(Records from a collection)
================

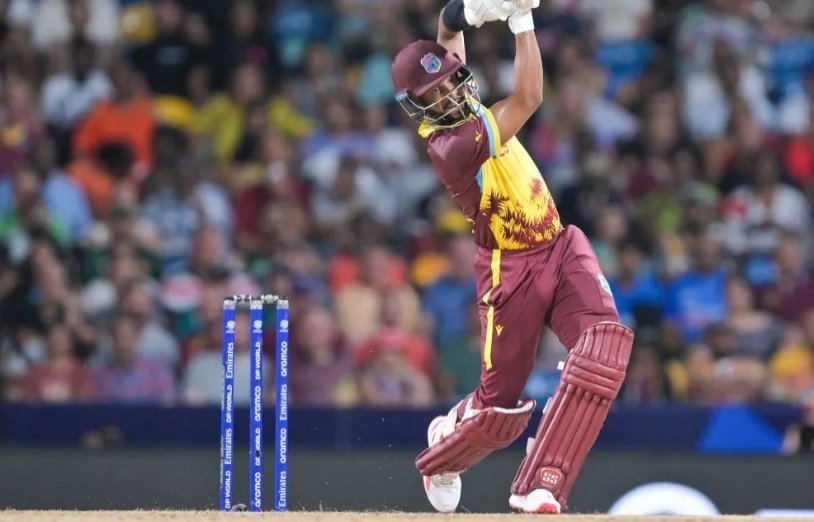 SinghS72228's tweet image. वेस्टइंडीज की टीम अभी न्यूजीलैंड के दौरे पर है,

जिसका दूसरा वनडे मैच बुधवार को नेपियर के मैकलीन पार्क में खेला गया , 

इस मैच में कप्तान शाई होप ने 69 गेंदों पर 13 चौकों और 4 छक्कों की मदद 109 रन की नाबाद पारी खेली।

यह उनके वनडे करियर का 19वां शतक था। इसी के साथ वे दुनिया के…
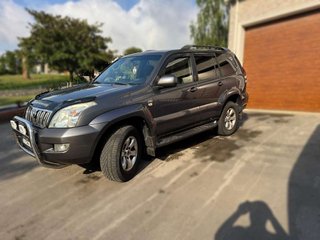 TOYOTA land cruiser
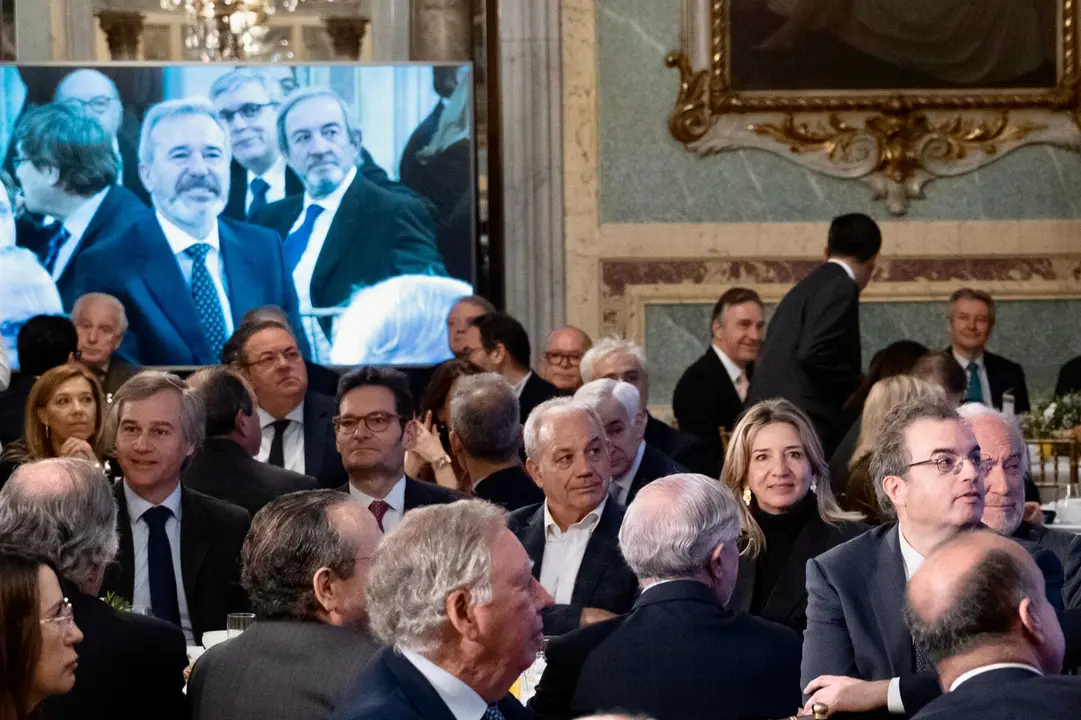 Invitados al acto de Jorge Azc&oacute;n en Nueva Econom&iacute;a Forum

================

## PROBLEM TO WORK ON
All that is wanted is the lines above between the one containing "जिसका दूसरा वनडे" and the one containing "TOYOTA land cruiser", inclusive, restated word for word, with pictures omitted.

## ANSWER TO THIS TASK
जिसका दूसरा वनडे मैच बुधवार को नेपियर के मैकलीन पार्क में खेला गया , 

इस मैच में कप्तान शाई होप ने 69 गेंदों पर 13 चौकों और 4 छक्कों की मदद 109 रन की नाबाद पारी खेली।

यह उनके वनडे करियर का 19वां शतक था। इसी के साथ वे दुनिया के…
 TOYOTA land cruiser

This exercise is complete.